I'm just going to break the rather demeaning silence of this space by pointing out the ultimate, reiterated cliché: we are indeed at a crossroads. I, am at a crossroads. I made it a point to calm down, nevertheless, digesting anxiously the situation, and later arriving at one conclusion: this crossroads is understandable, though I would choose to believe I'm still trying to pull myself together in doing so. 

Graduation, which still tends to inject itself the flavour of being recent, is easily a year or two in the past. The recollection of the rather romanticised days of studies (read: oh, how it was easier back then!) now even has ceased to be prolonged. It's all about the real deal, now. Fast entering February, with the election season fierily lurking around the corner forever waiting to be announced, I found myself still pondering on the most important personal decisions I have required myself to make — the result of some form of procrastination I'm never proud of. 

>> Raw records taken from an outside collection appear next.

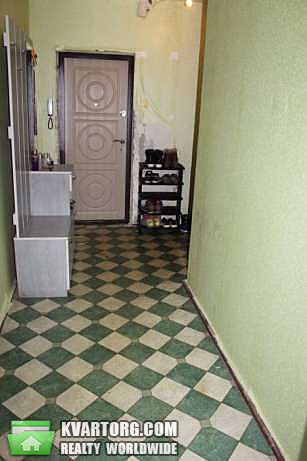 Sell 3-room apartment. Одесса, Днепропетровская — photo 4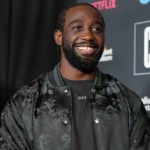 Terence Crawford Family Tree: Meet Boxing Star’s Partner Alindra Person, Seven Kids, Parents and Sisters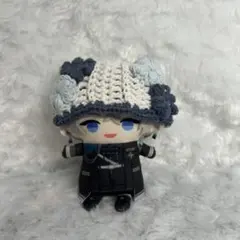 メル53597様 リクエスト 2点 まとめ商品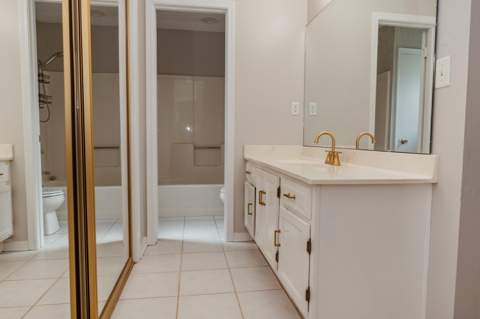 107 Kipling Drive, Crestview FL - photo 21 of 41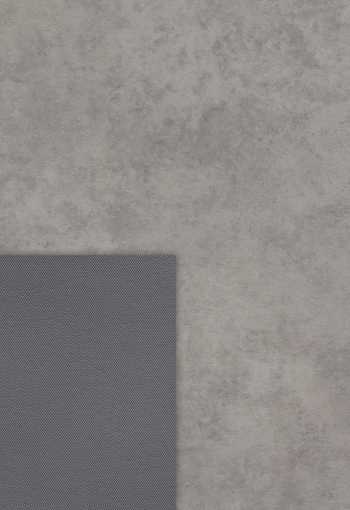 [pvc-studio-casa-padua-591-4.jpg]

However stretched the pondering is, I am surrendering my guts to the better step of consolidating whatever that I am working on right now by collecting the best out of my content, and context; instead of, well, running berserk in panic, for instance, which I duly believe won't do anyone justice. 

It is only kinder should I let myself humble before the might of progress (and the idea of being progressive itself), forgive myself in the ever-smoother flow of acknowledging the seedier prospects of collaborating, and offered myself the more subtle reaches of idea-nurturing in shared thoughts. The opportunities are just enriching.

Seven years after the initial design of this space, a vessel propelling towards the better, I guess, could be ever-relevant.

Consoling my stalling worries in decision-making, nonetheless, is by having shared the joy in anticipating how thriving my peers are in making it in the areas their passionate about nowadays. It is just colourful.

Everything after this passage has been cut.